Forty Years of the Basement Tapes and "the force of reality"
Okay folks, 2009 is the 40th anniversary of the mysterious appearance of the Great White Wonder. In 1969, I found it in a record shop in Grand Rapids, Michigan and haven't stopped listening to the material since. The heart of the 2-LP bootleg was the first release of what has been since known as "The Basement Tapes" and if you haven't heard (or LIVED) with those songs, I feel sorry for you.
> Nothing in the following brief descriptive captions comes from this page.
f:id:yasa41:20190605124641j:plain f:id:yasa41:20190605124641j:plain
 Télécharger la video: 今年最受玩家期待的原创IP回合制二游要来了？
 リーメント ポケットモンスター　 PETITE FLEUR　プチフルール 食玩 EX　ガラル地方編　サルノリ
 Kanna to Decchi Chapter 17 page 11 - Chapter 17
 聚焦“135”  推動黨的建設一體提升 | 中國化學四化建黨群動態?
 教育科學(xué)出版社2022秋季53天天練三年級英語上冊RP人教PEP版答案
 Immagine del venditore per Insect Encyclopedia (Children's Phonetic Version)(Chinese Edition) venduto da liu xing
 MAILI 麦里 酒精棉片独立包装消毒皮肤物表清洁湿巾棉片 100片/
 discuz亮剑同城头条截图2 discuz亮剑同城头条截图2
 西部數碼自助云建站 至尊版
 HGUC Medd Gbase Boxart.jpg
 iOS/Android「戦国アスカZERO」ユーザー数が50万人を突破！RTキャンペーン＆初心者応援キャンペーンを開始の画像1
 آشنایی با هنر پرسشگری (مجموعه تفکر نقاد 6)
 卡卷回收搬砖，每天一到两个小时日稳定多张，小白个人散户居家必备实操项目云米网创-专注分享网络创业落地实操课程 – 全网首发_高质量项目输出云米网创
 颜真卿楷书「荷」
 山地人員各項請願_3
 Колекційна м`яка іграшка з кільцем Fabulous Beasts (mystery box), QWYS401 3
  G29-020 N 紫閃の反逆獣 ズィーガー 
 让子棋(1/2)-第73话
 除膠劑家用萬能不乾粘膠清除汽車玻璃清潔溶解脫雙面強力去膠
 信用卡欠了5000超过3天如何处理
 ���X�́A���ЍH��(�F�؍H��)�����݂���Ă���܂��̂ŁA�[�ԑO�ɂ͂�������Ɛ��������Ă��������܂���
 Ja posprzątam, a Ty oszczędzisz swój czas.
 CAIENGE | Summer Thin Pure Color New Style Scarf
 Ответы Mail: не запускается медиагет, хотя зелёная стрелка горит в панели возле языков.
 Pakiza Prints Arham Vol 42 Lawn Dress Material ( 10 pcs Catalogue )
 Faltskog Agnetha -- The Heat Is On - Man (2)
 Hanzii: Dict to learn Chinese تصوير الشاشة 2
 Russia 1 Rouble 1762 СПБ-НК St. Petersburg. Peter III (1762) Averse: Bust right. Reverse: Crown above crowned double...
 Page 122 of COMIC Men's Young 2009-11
As much a product of the collaboration of Dylan with the Band than a "Dylan" album, nothing in my lifetime approaches the camaraderie, the spontaneity or the soul of the 128 tracks they recorded with a borrowed microphone over the summer of 1967. Garth Hudson ran the mike and played organ. Danko, Robertson, and Manuel did what they could, and they liked it enough to bring back Helm from the oil rig he was working on. For decades bits and pieces of the informal sessions leaked out and I listened the whole time.
This blog is about authenticity. There is an authenticity in these tracks we have not been privilege to since, and that's all I can say without seeming inflated, maudlin or even at this stage of my life, tearing up. Manuel is gone. Danko is gone too, that hit me the hardest. (In my life of listening, I have never heard anyone give all they had the moment the recording light was on more than Danko except maybe Elmore James, and he only knew one song)
Dylan, of course, has a new disc coming out this month. Levon, a gentleman I have had the honor to meet, survived cancer with memorable courage and hosts the now legendary "Midnight Rambles" a stone throw from where the basement tapes were recorded. Sometimes Garth shows up, he still lives nearby as well. Since the complete tapes have never been legally released, I might as well crib a bit of Dylan's latest interview as well. I'm sure there are enough copies floating around that no one is going to sue me, and since I have no money I'm not too worried. If you dig around, you will probably find all the tracks. It's a lot easier now than it was 40 years ago, and when the complete set is finally released, probably after all of us are gone... they'll take their place along the Hank Williams radio shows, Willie Nelson's solo work before he hit it big and Bob Wills Radio Transcriptions as some of the most authentic, joyous and honest recordings made in the 20th Century.
Let Mr. Dylan explain it for you:
Do you think of yourself as a cult figure?
A cult figure, that's got religious connotations. It sounds cliquish and clannish. People have different emotional levels. Especially when you're young. Back then I guess most of my influences could be thought of as eccentric. Mass media had no overwhelming reach so I was drawn to the traveling performers passing through. The side show performers - bluegrass singers, the black cowboy with chaps and a lariat doing rope tricks. Miss Europe, Quasimodo, the Bearded Lady, the half-man half-woman, the deformed and the bent, Atlas the Dwarf, the fire-eaters, the teachers and preachers, the blues singers. I remember it like it was yesterday. I got close to some of these people. I learned about dignity from them. Freedom too. Civil rights, human rights. How to stay within yourself. Most others were into the rides like the tilt-a-whirl and the rollercoaster. To me that was the nightmare. All the giddiness. The artificiality of it. The sledge hammer of life. It didn't make sense or seem real. The stuff off the main road was where force of reality was. At least it struck me that way. When I left home those feelings didn't change.
But you've sold over a hundred million records.
Yeah I know. It's a mystery to me too.